(Crawled caption data)

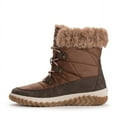 thumbnail image 4 of MUK LUKS Women's Winnie Waverly Boots, 4 of 7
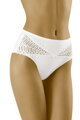Cotton Briefs with Lace Details ECO-VA Wolbar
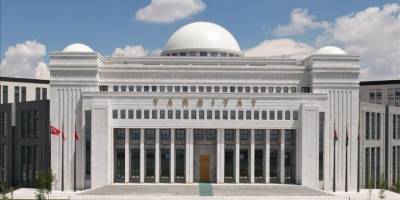 Akıncı Üssü davasında temyiz incelemesi tamamlandı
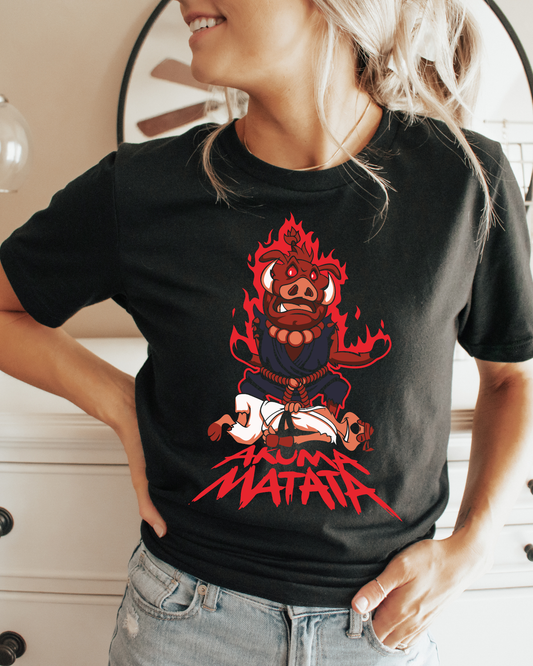 Akuma Matata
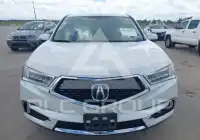 2020 Acura MDX фото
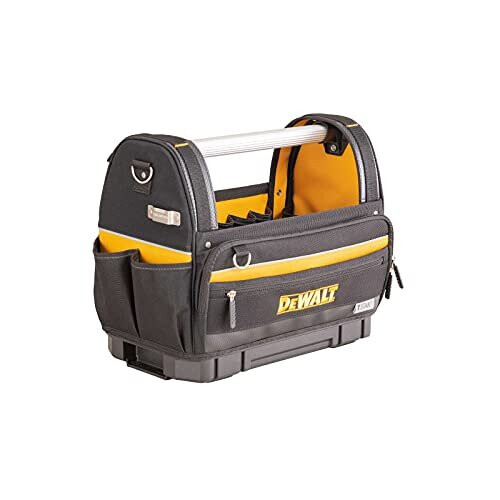 DeWalt DEWALT TSTAK DWST82990 ÖPPEN PÅSE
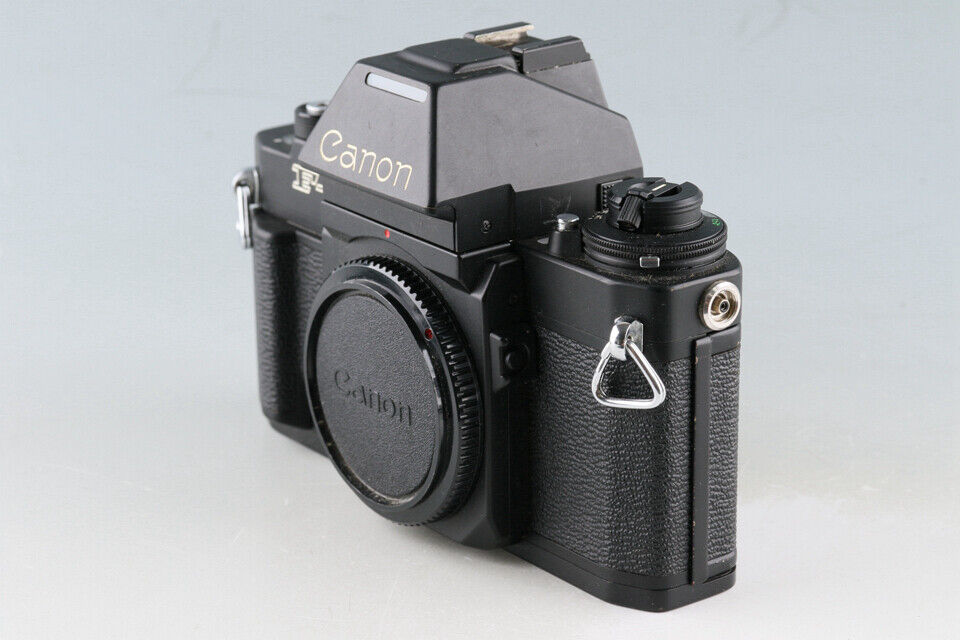 Canon F-1 35mm SLR Film Camera #47884 E6 | eBay Canon F-1 35mm SLR Film Camera #47884 E6 | eBay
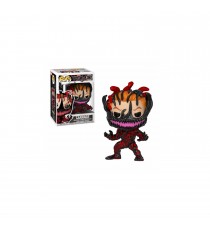 Figurine Marvel Venom - Carnage / Cletus Kasady Pop 10cm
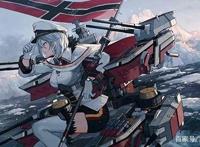 碧蓝航线最强战列舰排行榜有了这七位就可以为所欲为了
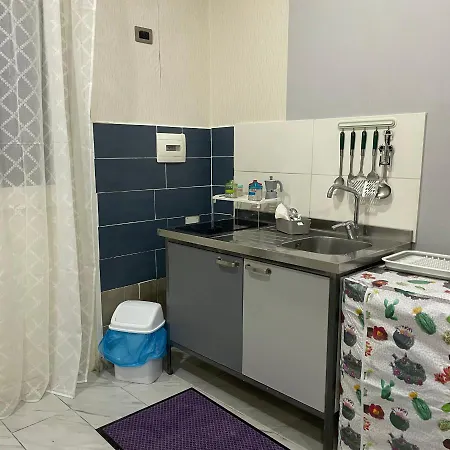 Casa Donnacarmelina *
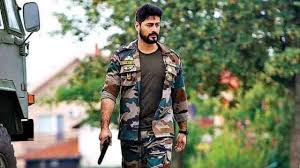 Uri The Surgical Strike Full Movie Watch Online Vicky Kaushal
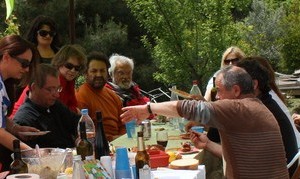 Η παρέα
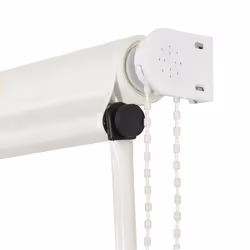 vidaXL Retractable Awning 300x150cm Cream Garden Window Door Canopy Sun Screen - Additional view 5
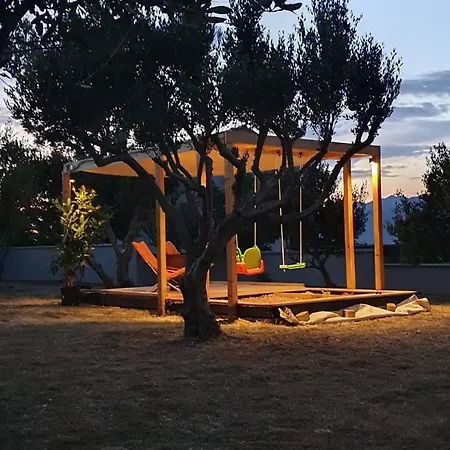 Apartamento Petar Ražanac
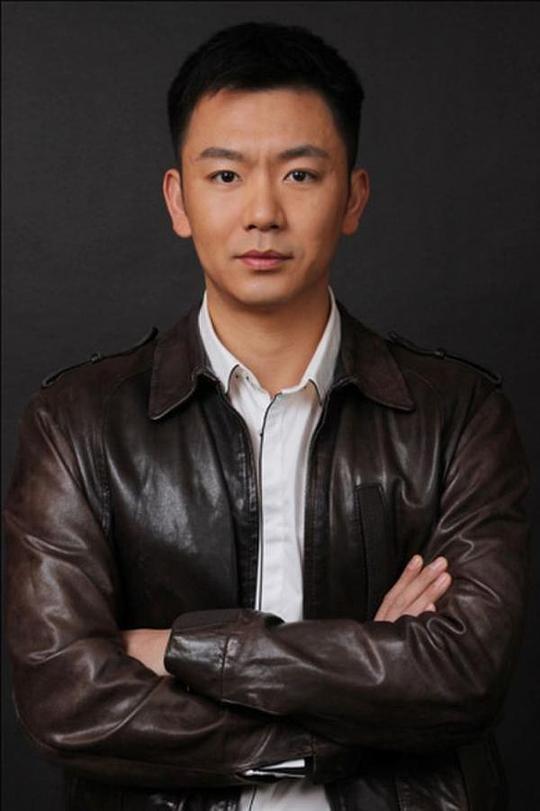 孙浩涪 Haofu Sun照片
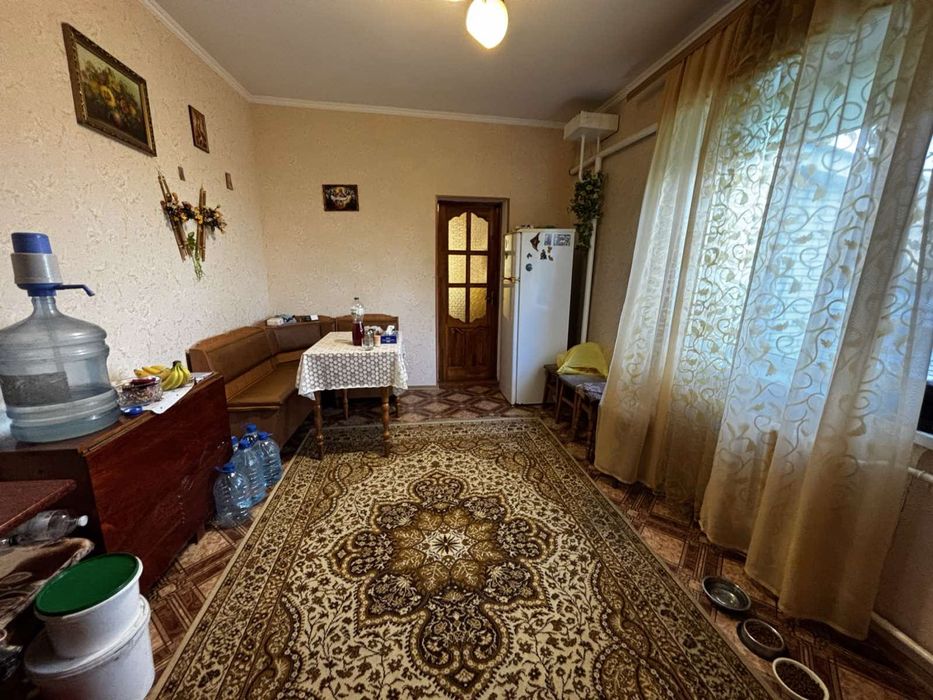 Продаж будинку Кагарлик.
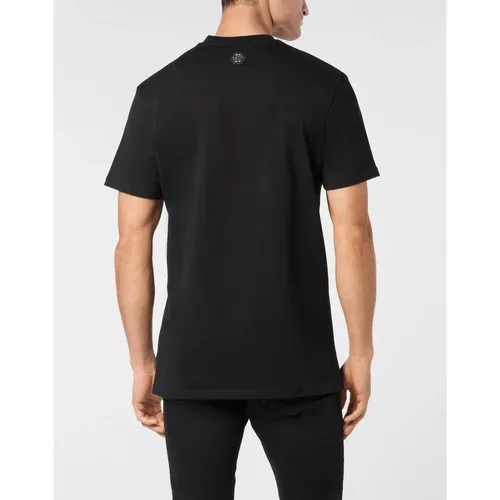 Tops > T-Shirts - - Philipp Plein - Modalova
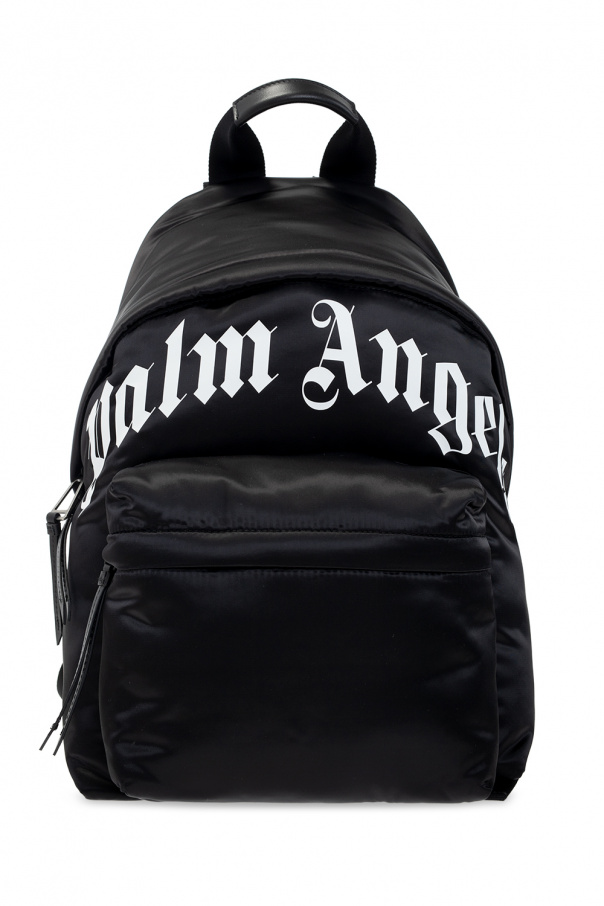 Palm Angels Soho backpack with logo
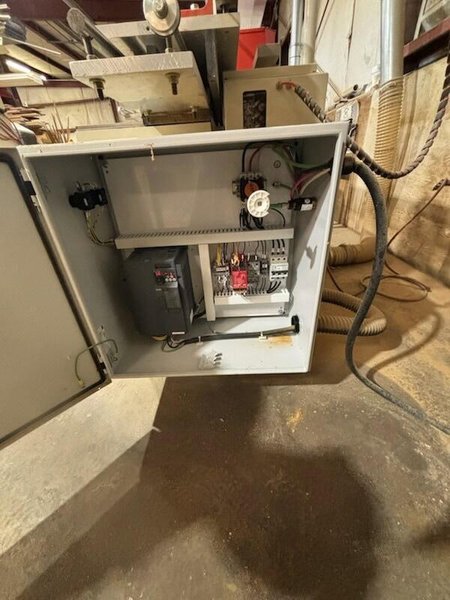 Unique 250GT2-XS Door Machine, 2022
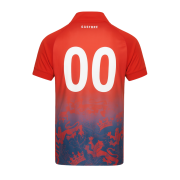 England ODI Cricket Shirt – Premium Fan Edition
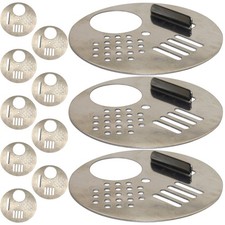  12 Pcs Accessoires De Ruche Apiculture Materiel Outil D'apiculture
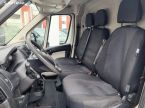 Peugeot Boxer - fotka číslo 9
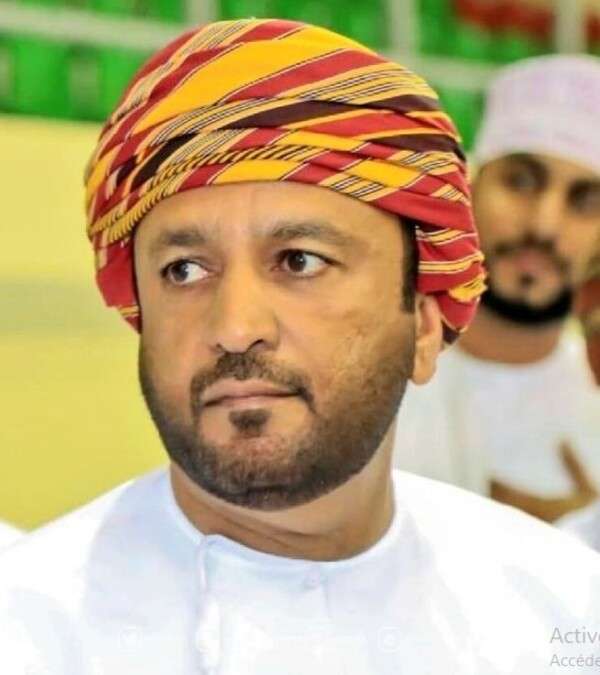 إبراهيم المقبالي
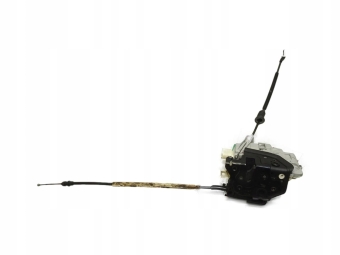 ZAMEK DRZWI PRAWY TYŁ 7 PIN VW PASSAT B7 KOMBI 3C4839016A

- _Exercise brief_:
Nothing but an exact copy of the data, without its images, should make up your answer.

- _Solution to the problem_:
 thumbnail image 4 of MUK LUKS Women's Winnie Waverly Boots, 4 of 7
Cotton Briefs with Lace Details ECO-VA Wolbar
 Akıncı Üssü davasında temyiz incelemesi tamamlandı
 Akuma Matata
 2020 Acura MDX фото
 DeWalt DEWALT TSTAK DWST82990 ÖPPEN PÅSE
 Canon F-1 35mm SLR Film Camera #47884 E6 | eBay Canon F-1 35mm SLR Film Camera #47884 E6 | eBay
 Figurine Marvel Venom - Carnage / Cletus Kasady Pop 10cm
 碧蓝航线最强战列舰排行榜有了这七位就可以为所欲为了
 Casa Donnacarmelina *
 Uri The Surgical Strike Full Movie Watch Online Vicky Kaushal
 Η παρέα
 vidaXL Retractable Awning 300x150cm Cream Garden Window Door Canopy Sun Screen - Additional view 5
 Apartamento Petar Ražanac
 孙浩涪 Haofu Sun照片
 Продаж будинку Кагарлик.
 Tops > T-Shirts - - Philipp Plein - Modalova
 Palm Angels Soho backpack with logo
 Unique 250GT2-XS Door Machine, 2022
 England ODI Cricket Shirt – Premium Fan Edition
  12 Pcs Accessoires De Ruche Apiculture Materiel Outil D'apiculture
 Peugeot Boxer - fotka číslo 9
 إبراهيم المقبالي
 ZAMEK DRZWI PRAWY TYŁ 7 PIN VW PASSAT B7 KOMBI 3C4839016A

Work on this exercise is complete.